Luckin as tech startup

Tim Culpan of Bloomberg notices an oddity about Luckin Coffee, China’s answer to Starbucks:

The pending Nasdaq debut of China’s Luckin Coffee Inc. begs the question of whether it’s a purveyor of beverages, or a technology company.

As I pore through its 286-page IPO filing, I find myself struggling to decide. It’s kind of like Starbucks Corp., I guess, but also a lot like food-delivery giant Meituan Dianping and ride-hailing pioneer Uber Technologies Inc. […]

Luckin posted 841 million yuan ($125 million) in revenue last year, exploding from 250,000 yuan the year prior. But its operating expenses were three times higher than sales at 2.4 billion yuan. And it wasn’t even materials, store rentals or admin expenses that blew out the bottom line.
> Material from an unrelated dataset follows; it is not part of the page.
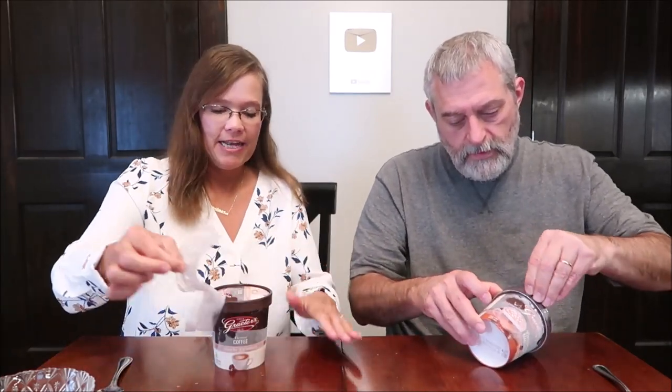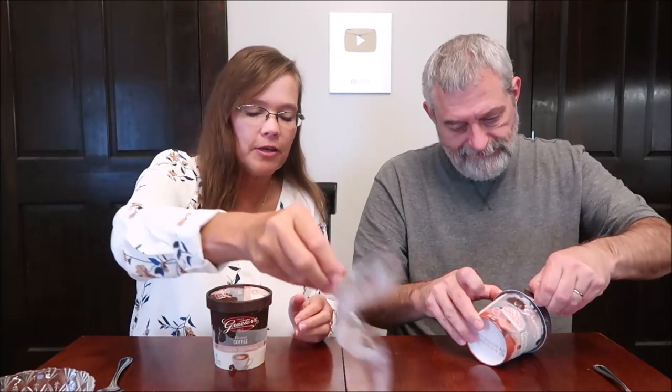Today Kevin and I are going to be trying some Grater's French pot ice cream. This is the Vienna coffee, and I have the caramel macchiato. These were $6.99 each at the Grater's scoop shop. They are sealed even though we bought them at the scoop shop, because they're coming from Cincinnati, Ohio. They don't scoop them there — they're prepackaged. We're very fortunate that we have a Grater's in our area, because out of all those ice cream shops, Grater's is the best.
Marketing costs were 746 million yuan last year. To make every 100 yuan from selling coffee, Luckin spent 152 yuan to produce and market that cup – not including rent and general expenses.

Spending three times more than revenue makes Luckin a tech startup, not an F&B company.

Is it also part of the Belt and Road?

I previously wrote about Luckin here.

Starbucks finally meets its match in China

Its name is Luckin Coffee, it has opened about 500 outlets since its launch earlier this year, and it is reported to be worth over $1 billion, making it China’s first coffee unicorn.

Jeffrey Towson of Peking University has been asking for years why Starbucks doesn’t have a serious competitor in China. Well, now it does.

Naturally, Luckin doesn’t have cash registers and you have to order through their app and pay through China’s mobile panopticon of WeChat/Alipay or the company’s own payment function.

“My take is their big weapon is digital + lower prices + tons of locations,” according to Towson. Is this the Starbucks killer?

Luckin Coffee has the stated goal of beating Starbucks, but even without doing that, they can potentially build a profitable business by getting more Chinese to drink coffee. The current per capita average is four to five cups per year.